Este blogue é muito restrito. Interessa a uma categoria profissional que não ultrapassa os 4 milhares de oficiais de registro de imóveis do país, e no entanto atingimos 1 milhão de acessos.

Mas, afinal, quem nos lê?

Sinto-me como o náufrago que lança mensagens na garrafa. Em algum lugar de um tempo imponderável a informação vai bater e um leitor curioso vai passar os olhos nesta mensagem. Qual será sua reação? Quanto tempo levará até que a garrafa lhe chegue como um soluço do universo? Será como um sopro que se esvai da garrafa e se dissolve no universo com um raro perfume?

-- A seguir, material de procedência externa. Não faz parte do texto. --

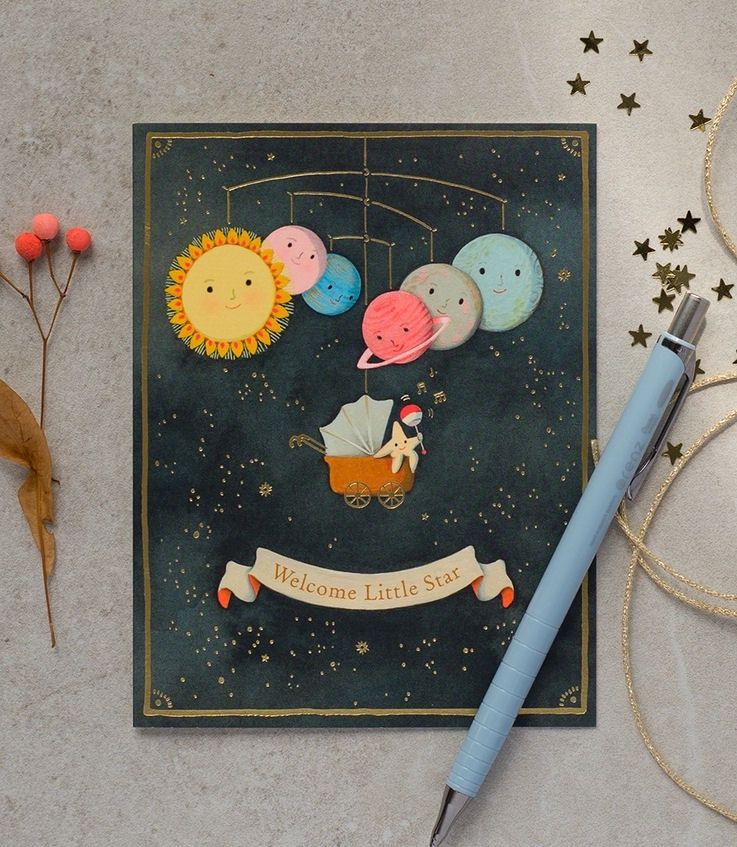 Welcome Little Star Solar System Baby Card
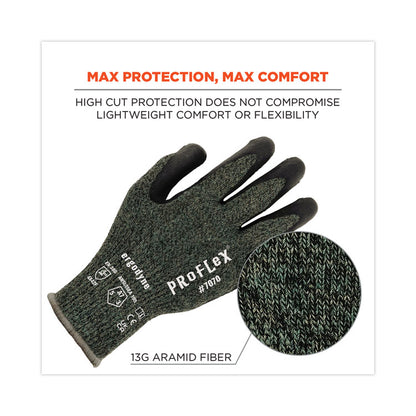 ProFlex 7070 ANSI A7 Nitrile Coated CR Gloves, EN388: 4X42F, 9" Long, Large, Green, Pair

No fundo, é desesperador. O escriba não sabe o que lhe aguarda na esquina seguinte e, no entanto, seu anelo atávico o leva lançar ao cosmo um fanal tímido, expressão de uma alma antiga, a sinalizar que ainda pulsa o coração do escrevente.

Quantas páginas do grande livro de registro minha mão venceu? quantos títulos inscreveu? Inaugurei a cada dia um novo fólio, fixei as efemérides da vida dos homens – nascimentos, mortes, partilhas, doações, vendas, compras… Eis-me aqui, registrando um evento cuja importância ainda busco avaliar.

Sou um escriba, um velho registrador. 1 milhão será como um grão de areia num oceano infinito e incompreensível. Mas será único, irrepetível, singular. O gosto de ser uma entre bilhões e bilhões de estrelas terá valido a pena.

PS. Caro leitor. O início desta mensagem dormitou nos rascunhos desde o dia em que me dei conta que ultrapassáramos o milhão de acessos. O tempo escoou e eis-me aqui, agora, perdido em “pensamentos de caracol”, como disse meu querido compadre Gustavo Pena.

Resolvi postá-la definitivamente, de modo o mais discreto possível. Somente os poucos assinantes do blogue receberão em suas caixas-postais esta mensagem na garrafa (26/6/2021, 7:11AM)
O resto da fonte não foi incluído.